▶ _Materials provided_:
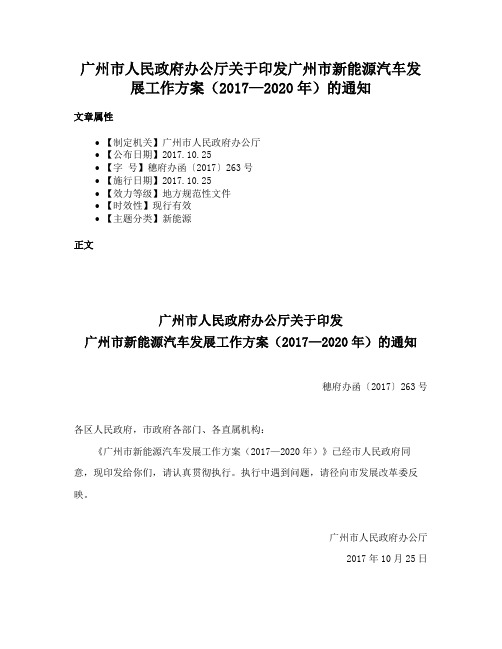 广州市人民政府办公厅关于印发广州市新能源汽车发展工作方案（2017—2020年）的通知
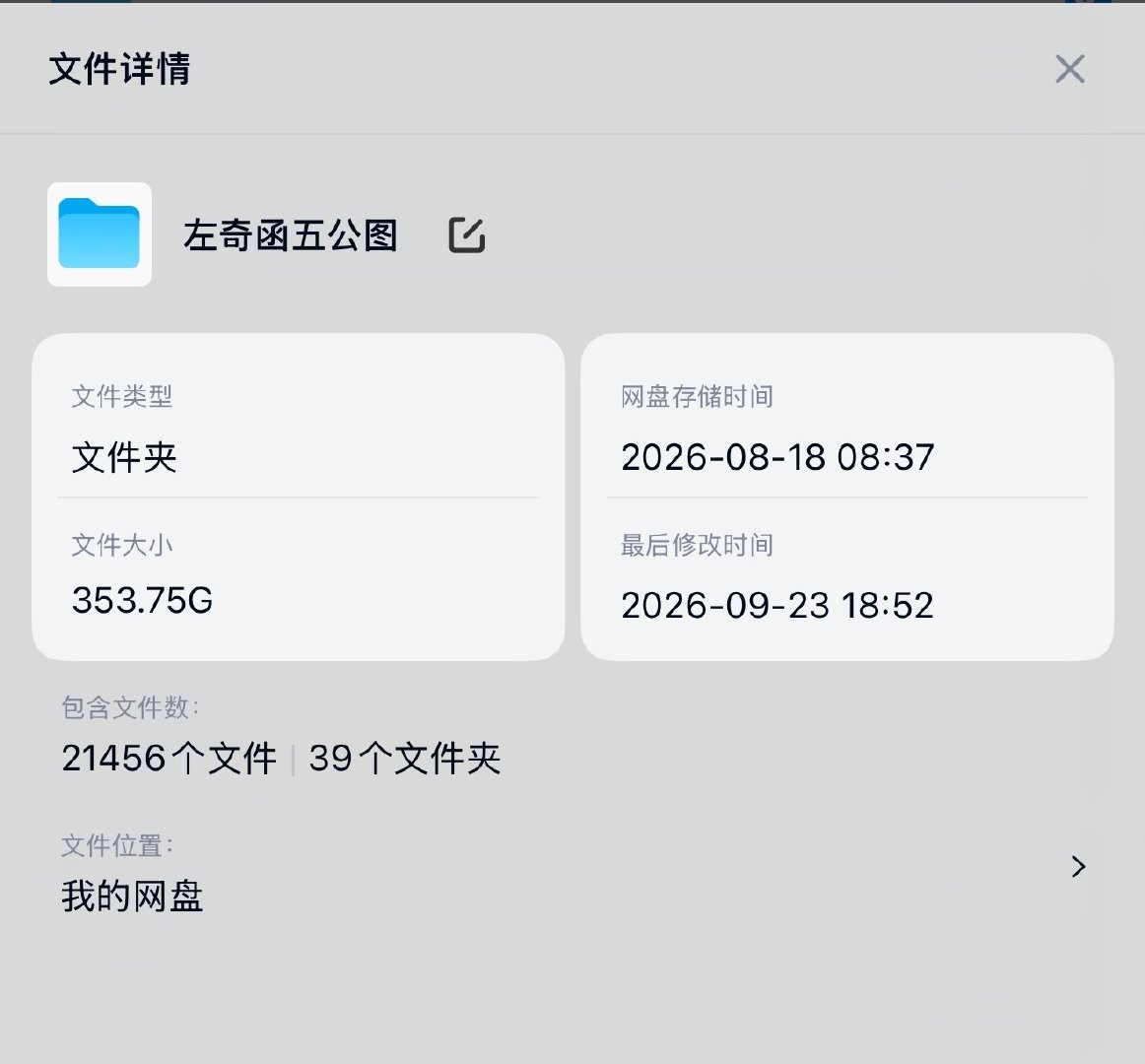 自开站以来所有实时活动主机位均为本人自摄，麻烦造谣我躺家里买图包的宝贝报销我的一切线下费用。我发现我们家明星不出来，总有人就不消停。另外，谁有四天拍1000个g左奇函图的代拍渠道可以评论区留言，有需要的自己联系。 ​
...
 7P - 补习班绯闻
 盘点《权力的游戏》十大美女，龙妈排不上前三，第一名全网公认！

▶ _Exercise instructions_:
When you reach the line that has "广州市人民政府办公厅关于印发" in the data above, start repeating lines exactly, and stop after the line that has "自开站以来所有实时活动主机位"; pictures stay out.

▶ _Task solution_:
 广州市人民政府办公厅关于印发广州市新能源汽车发展工作方案（2017—2020年）的通知
 自开站以来所有实时活动主机位均为本人自摄，麻烦造谣我躺家里买图包的宝贝报销我的一切线下费用。我发现我们家明星不出来，总有人就不消停。另外，谁有四天拍1000个g左奇函图的代拍渠道可以评论区留言，有需要的自己联系。 ​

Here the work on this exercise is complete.